■ **Information supplied**:
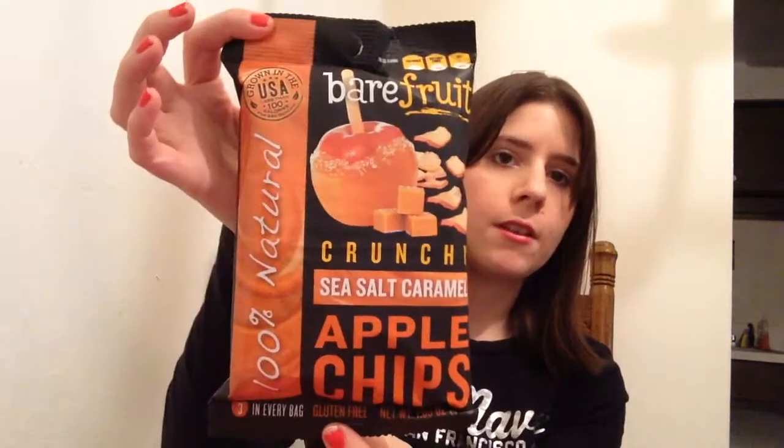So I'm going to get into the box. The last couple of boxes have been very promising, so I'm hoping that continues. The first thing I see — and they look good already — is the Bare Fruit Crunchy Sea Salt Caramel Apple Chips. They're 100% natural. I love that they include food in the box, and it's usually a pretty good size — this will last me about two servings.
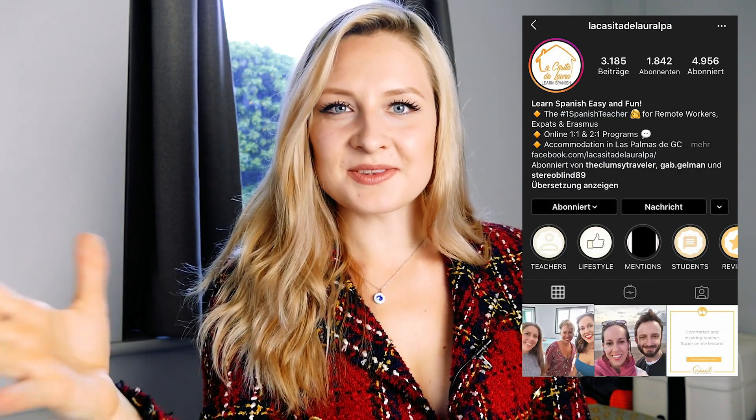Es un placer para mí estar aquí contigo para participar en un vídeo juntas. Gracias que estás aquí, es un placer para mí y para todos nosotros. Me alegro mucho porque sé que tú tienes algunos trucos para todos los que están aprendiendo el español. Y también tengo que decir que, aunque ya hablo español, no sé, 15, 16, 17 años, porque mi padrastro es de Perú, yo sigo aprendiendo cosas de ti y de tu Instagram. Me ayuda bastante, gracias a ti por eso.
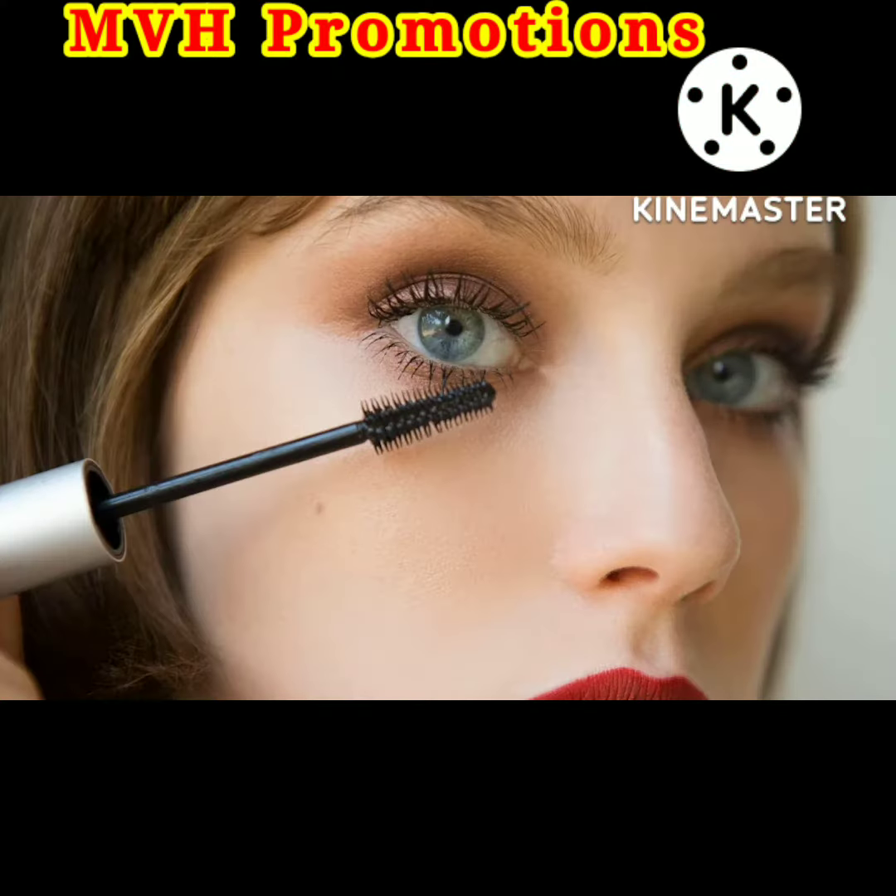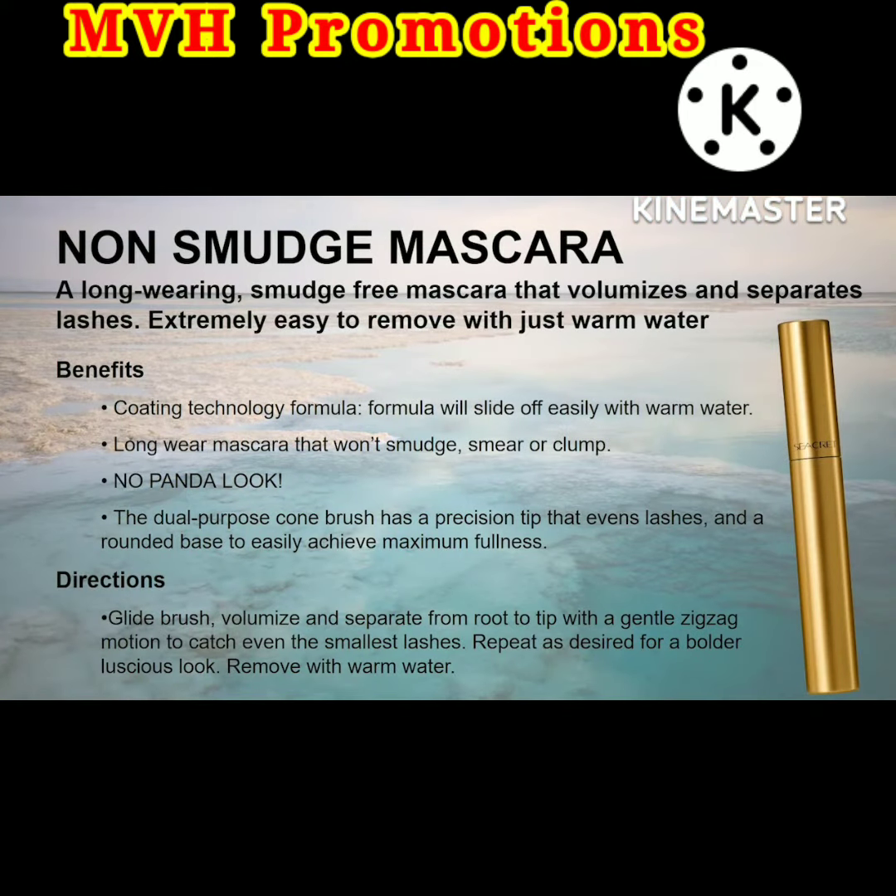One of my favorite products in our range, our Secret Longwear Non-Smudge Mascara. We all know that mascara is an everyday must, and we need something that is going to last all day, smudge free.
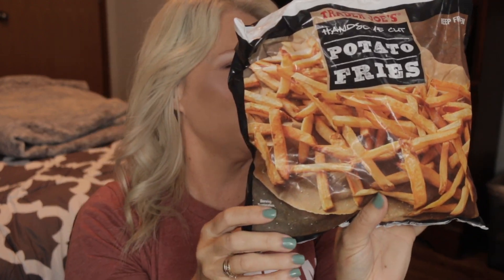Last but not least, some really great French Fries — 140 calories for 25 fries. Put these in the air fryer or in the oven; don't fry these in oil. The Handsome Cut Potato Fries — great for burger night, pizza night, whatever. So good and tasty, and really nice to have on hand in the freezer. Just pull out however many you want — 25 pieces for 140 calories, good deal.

■ **Prompt**: Leave the pictures out and output exactly the lines above, from the start of the listing through the line with "One of my favorite".

■ **Solution**:
So I'm going to get into the box. The last couple of boxes have been very promising, so I'm hoping that continues. The first thing I see — and they look good already — is the Bare Fruit Crunchy Sea Salt Caramel Apple Chips. They're 100% natural. I love that they include food in the box, and it's usually a pretty good size — this will last me about two servings.
Es un placer para mí estar aquí contigo para participar en un vídeo juntas. Gracias que estás aquí, es un placer para mí y para todos nosotros. Me alegro mucho porque sé que tú tienes algunos trucos para todos los que están aprendiendo el español. Y también tengo que decir que, aunque ya hablo español, no sé, 15, 16, 17 años, porque mi padrastro es de Perú, yo sigo aprendiendo cosas de ti y de tu Instagram. Me ayuda bastante, gracias a ti por eso.
One of my favorite products in our range, our Secret Longwear Non-Smudge Mascara. We all know that mascara is an everyday must, and we need something that is going to last all day, smudge free.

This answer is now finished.